David Cameron and I just this week wrote an article together arguing in favour of a radical redistribution of power. Sometimes the differences between us are on matters of substance; but very often they are merely questions of language. David Cameron’s eloquent description of what he calls the Big Society is what I would call the Liberal Society.
Today I want to show how we are setting about working towards the goal of a more liberal Britain, against an extremely difficult economic backdrop, in alliance with our Conservative coalition partners. I will address four themes:
Liberalism as a philosophy for government.
Liberal Economics: the liberal thinking animating our economic policy
Liberal State: the role of the state in a liberal society
Liberal Politics: the liberalisation of politics and our political system
In my Demos pamphlet, I wrote that ‘the job of a liberal government is to disperse power’. Liberalism is based on the simple, profound belief that power should rest in the hands of people. Power is too often hoarded by elites, beyond the reach of citizens. When liberals see power hoarded in centralised political institutions, corporate monopolies, or unaccountable bureaucracies, we instinctively reach for the sledgehammer.
I recognise that recent political history is littered with examples of politicians who were strong decentralisers in opposition but centralisers once they were settled in their Whitehall departments. It is not enough to declare a decentralising agenda: we have to deliver on it.

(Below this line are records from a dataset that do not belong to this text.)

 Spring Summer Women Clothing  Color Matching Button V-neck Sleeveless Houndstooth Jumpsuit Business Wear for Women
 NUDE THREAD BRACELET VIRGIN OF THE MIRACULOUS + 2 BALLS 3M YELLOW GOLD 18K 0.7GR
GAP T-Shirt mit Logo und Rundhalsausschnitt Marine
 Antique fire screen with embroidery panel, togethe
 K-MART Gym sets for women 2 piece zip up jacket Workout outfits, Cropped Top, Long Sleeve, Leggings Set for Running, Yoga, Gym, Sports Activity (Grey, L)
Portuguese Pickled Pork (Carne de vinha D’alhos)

Now that we are in government, I hope you will see that we meant it, and that this is an aspiration we share with our Conservative coalition partners. This Government is deeply committed to the decentralisation of power - in politics, economics and in public services. To take just a few examples:
More powers for Local Authorities
Greater autonomy in our schools
A radical dispersal of power in the NHS
Locally-based partnerships to promote enterprise
This desire to put power in the hands of people is based on an optimistic assessment of human nature, and human capability. It is an article of faith for liberals that people with power and capability will make better choices about how to lead their lives than government, or other institutions.
A free society is a better society, so long as people have the resources and opportunities to make the best of their lives.

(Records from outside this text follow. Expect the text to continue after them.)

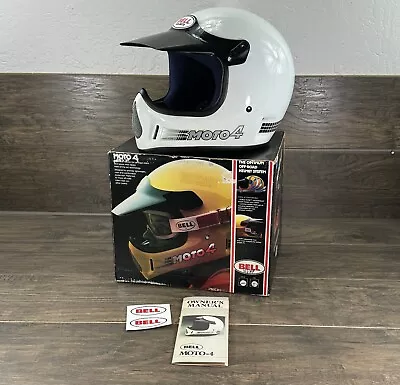 Vintage BELL MOTO 4 Helmet 7-1/2 White Off Road Moto Cross Riding W/Box • $210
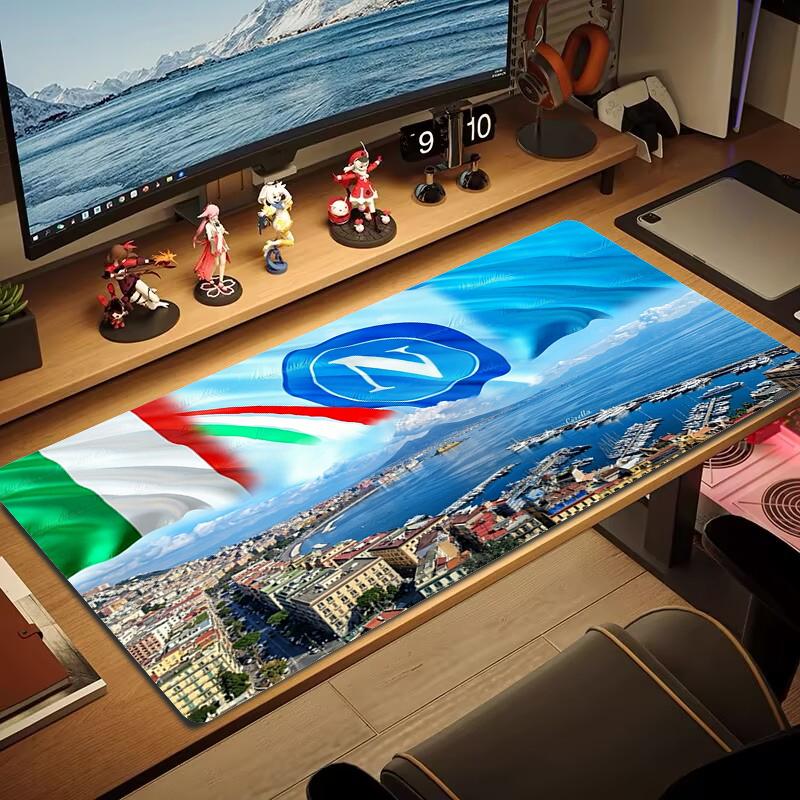 Naples Football Club Mouse Pad Large Gaming Table Cushion Non-slip Laptop Tablet Big Mousepad XXL Mat Mini PC Playmat With Lock edge_xia
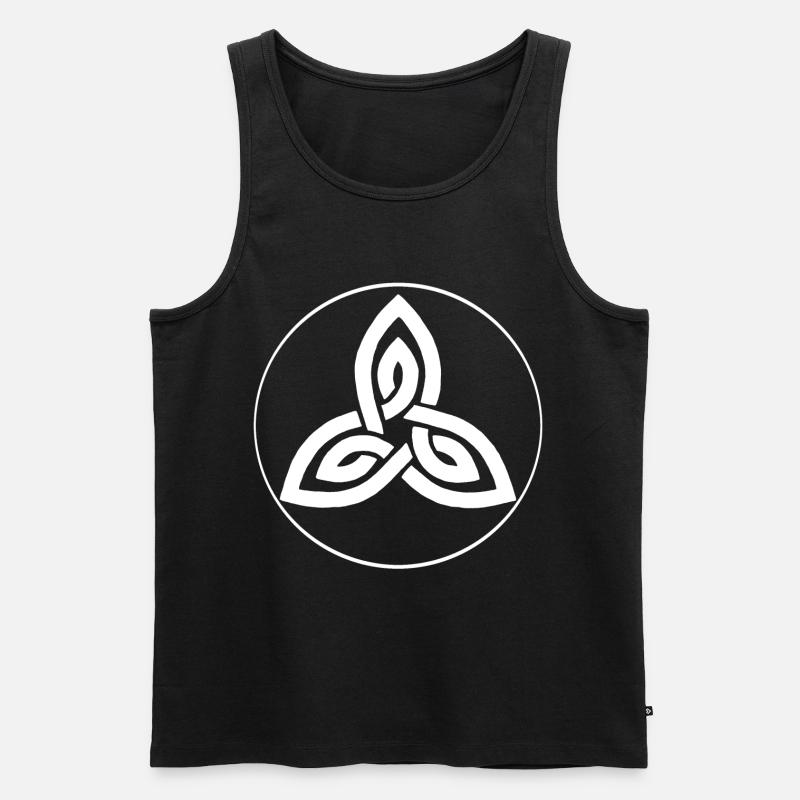 Weiße keltische Blume - Männer Premium Bio Tank Top - Schwarz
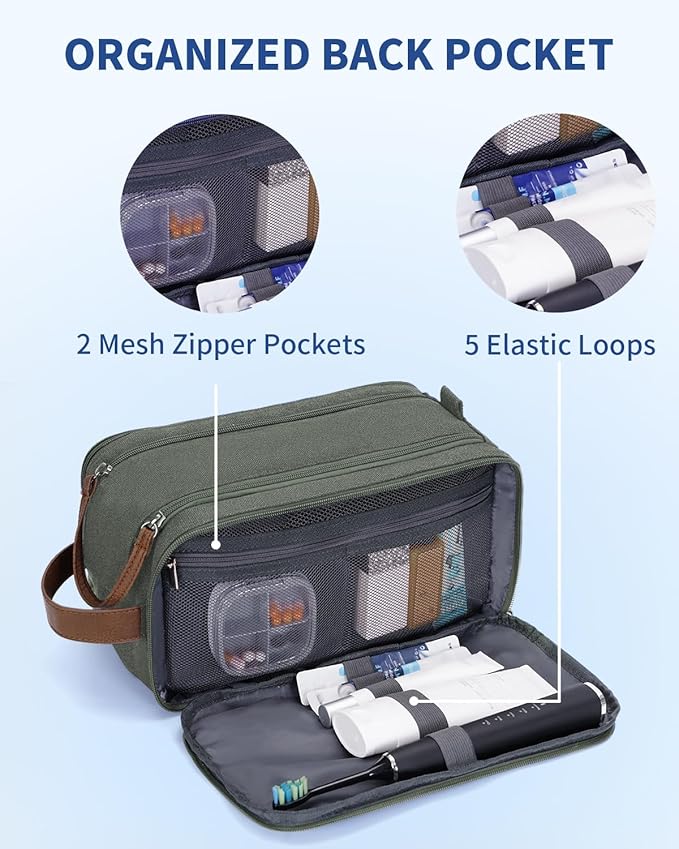 WANDF Toiletry Bag for Men Travel Toiletry Organizer Canvas and Leather Dopp - Image 6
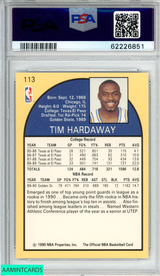 1990 HOOPS TIM HARDAWAY #113 ROOKIE RC GOLDEN STATE WARRIORS HOF PSA 9 MINT 62226851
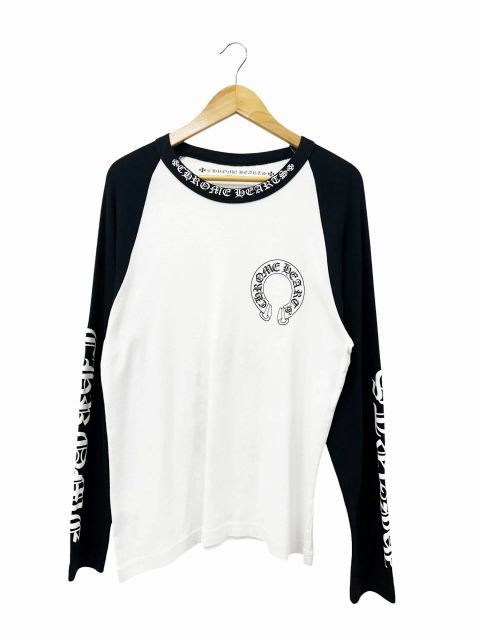 クロムハーツ CHROME HEARTS Neck Logo Horseshoe Raglan Sleeve Tee ネックロゴ ホースシュー プリント ラグラン スリーブ Tシャツ ロンT 長袖 2212-304-1004 L 黒 白 ☆AA★260718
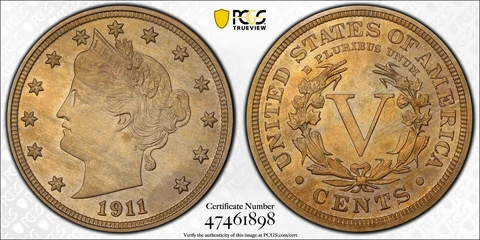 1911 5c Proof Liberty “V” Nickel PCGS PR62 - 1733 Mintage Cover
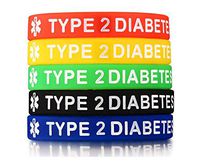 XUANPAI 5 Pack Rubber Silicone Sport Type 2 Diabetes Medical Emergency Alert ID Bracelets Wristband for Men Women Kids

Indeed, I believe illiberal politics is usually based on pessimism. When politicians or political parties fall prey to the idea that people are not capable of creating good lives and good communities for themselves, they resort to central government fiat and regulation.
I think the last government sometimes fell into this trap. One of the problems we face today is that the people do not trust politicians; but it is perhaps an even greater problem that politicians very often do not trust the people.
I said a moment ago that individual liberty requires not only freedom from interference but also resources. Independence requires knowledge, health, money, skills – these are described by the Nobel prize winner Amartya Sen as capabilities.
These capabilities do not emerge out of thin air. So liberal societies, populated by powerful citizens, must attend to the production and distribution not only of cash, but more importantly to the production and distribution of capabilities.
As Sen puts it:
“Responsible adults must be in charge of their own well-being; it is for them to decide how to use their capabilities. But the capabilities that a person does actually have depends on the nature of social arrangements, which can be crucial for individual freedoms. And there the state and the society cannot escape responsibility.”
I agree. This is a vital element of the liberal approach, as opposed to libertarians, or neo-liberals if you prefer. Libertarians believe that simply clearing away obstacles will set people free. Liberals understand that for a person to have power over their life, they need capabilities too.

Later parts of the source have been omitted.